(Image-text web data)

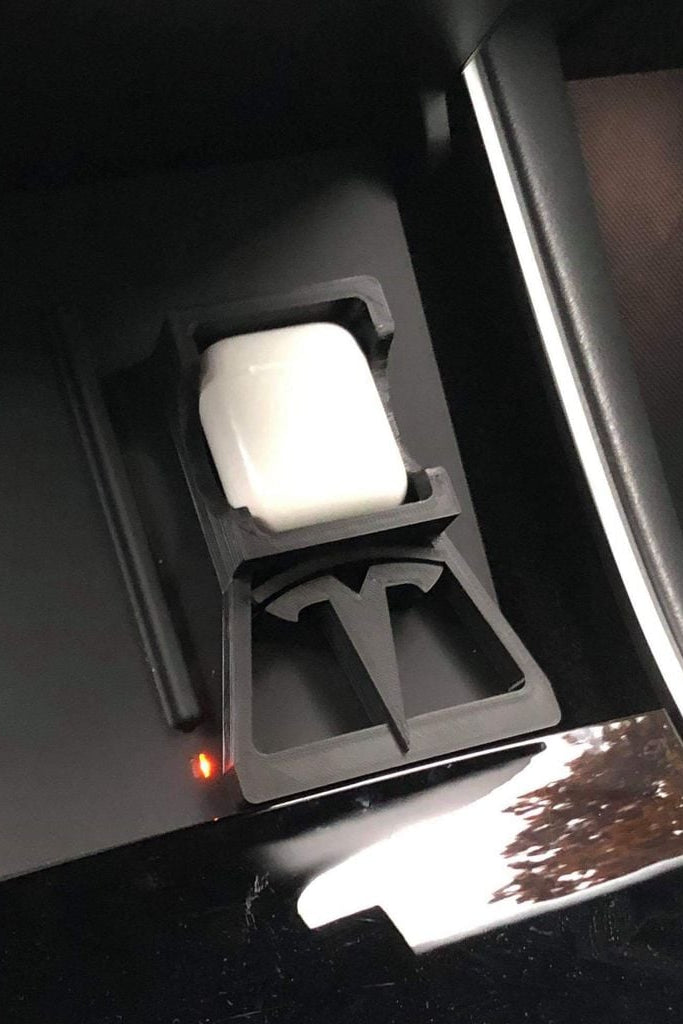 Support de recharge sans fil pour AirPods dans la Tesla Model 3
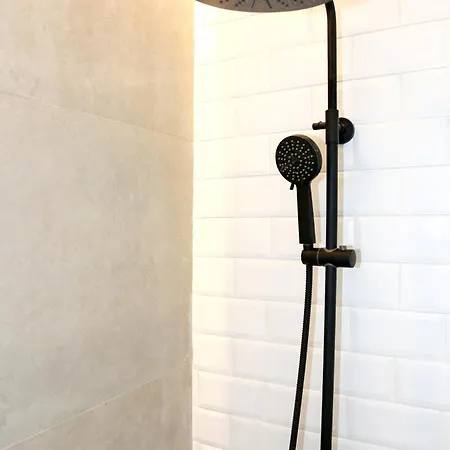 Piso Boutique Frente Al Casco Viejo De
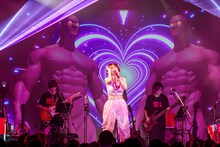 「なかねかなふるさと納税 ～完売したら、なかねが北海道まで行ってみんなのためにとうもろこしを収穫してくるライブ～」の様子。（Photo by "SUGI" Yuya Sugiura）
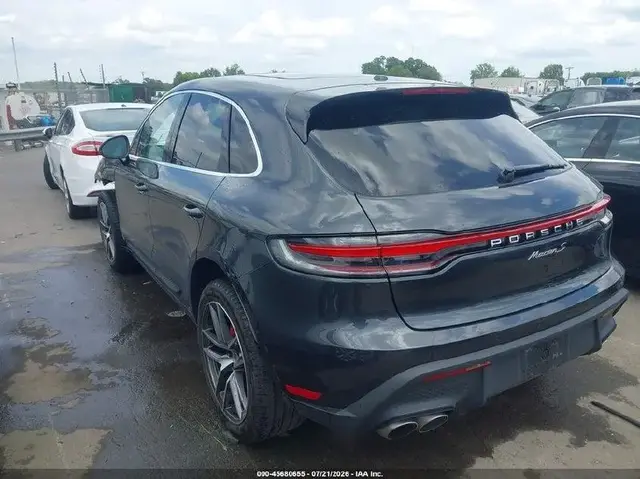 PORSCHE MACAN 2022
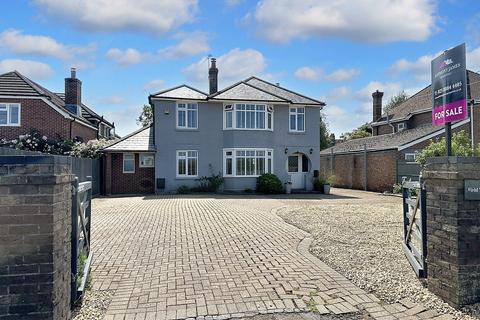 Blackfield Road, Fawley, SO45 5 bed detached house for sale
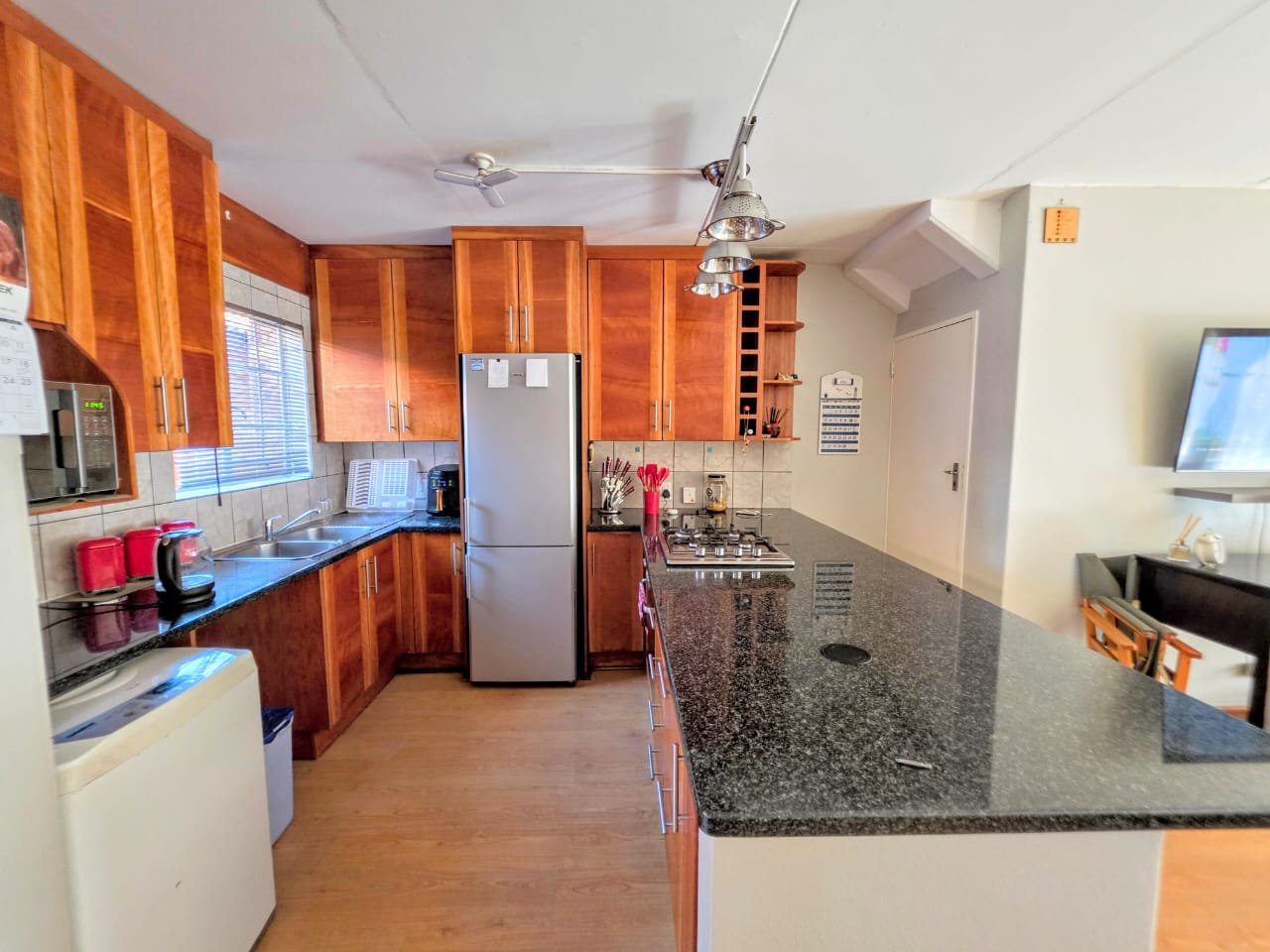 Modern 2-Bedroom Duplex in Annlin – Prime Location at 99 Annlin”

§ **Aim of the task**: Give again exactly the lines from the one holding "PORSCHE MACAN 2022" to the final line of the records, both ends included; any pictures stay out.

§ **Exercise response**:
 PORSCHE MACAN 2022
 Blackfield Road, Fawley, SO45 5 bed detached house for sale
 Modern 2-Bedroom Duplex in Annlin – Prime Location at 99 Annlin”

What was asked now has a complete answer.